By Buxton’s own admission, their seventh album seeks to “unite people” and some cuts do hark back to the giddy unabashed pop and mass-connecting floorfillers of their early days. Single ‘Never Say Never’ is undeniably an instantly-rousing summer smash in waiting, even if vocal sensation ETML makes blatant advances towards that already-fiercely-competitive boyish soul futurist throne (watch out Sam Smith, John Newman et al). Then there are those world-unifying hooks during ‘Power To The People’ and ‘We Are Not Alone’, which are so sky-facing they make Dario G’s all-in anthems look undercooked and ambitionless.

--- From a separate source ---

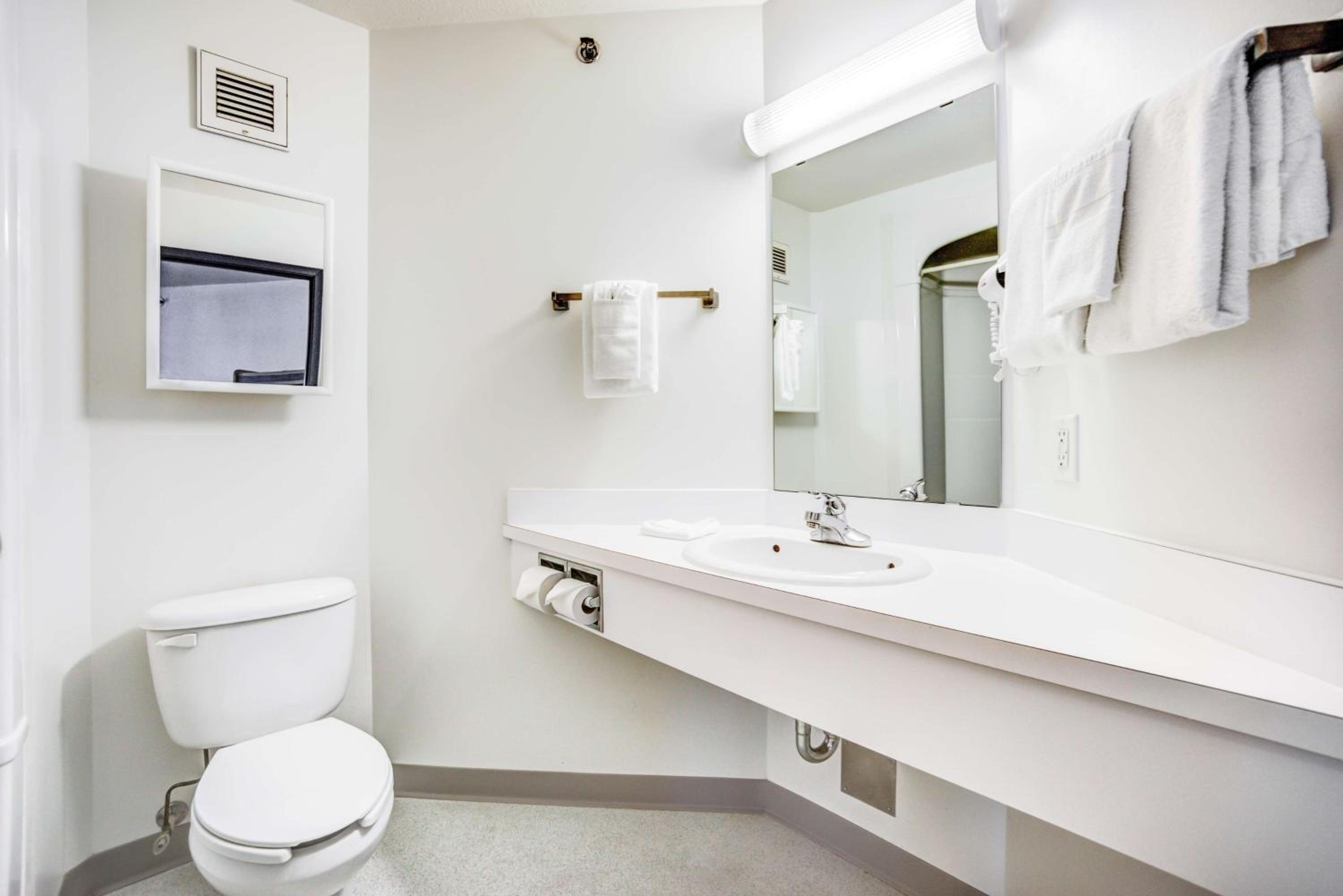 Deluxe Quadruple Room - Non-Smoking - Photo 2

Of course, these points are mired by some thoughtless filler. ‘Unicorn’’s borborygmus bass, incessant bounce and vocal spiel is uncomfortably close to that of Disclosure - a transparent impersonation that belongs only on the laborious playlists of high street fashion outlets. Worse still is ‘Rock This Road’ - the sort of jabbering, parping nonsense that could only be entertained by lobster-red Brits on coastal breaks. Either side of it, fervent percussion and a haphazard hodgepodge of world influences collide to create underwhelming and forgettable results.

On paper, ‘Junto’ (Spanish for ‘together’) should make for an eclectic, flag-waving affair - but sadly many of its disparate parts blissfully miss the mark.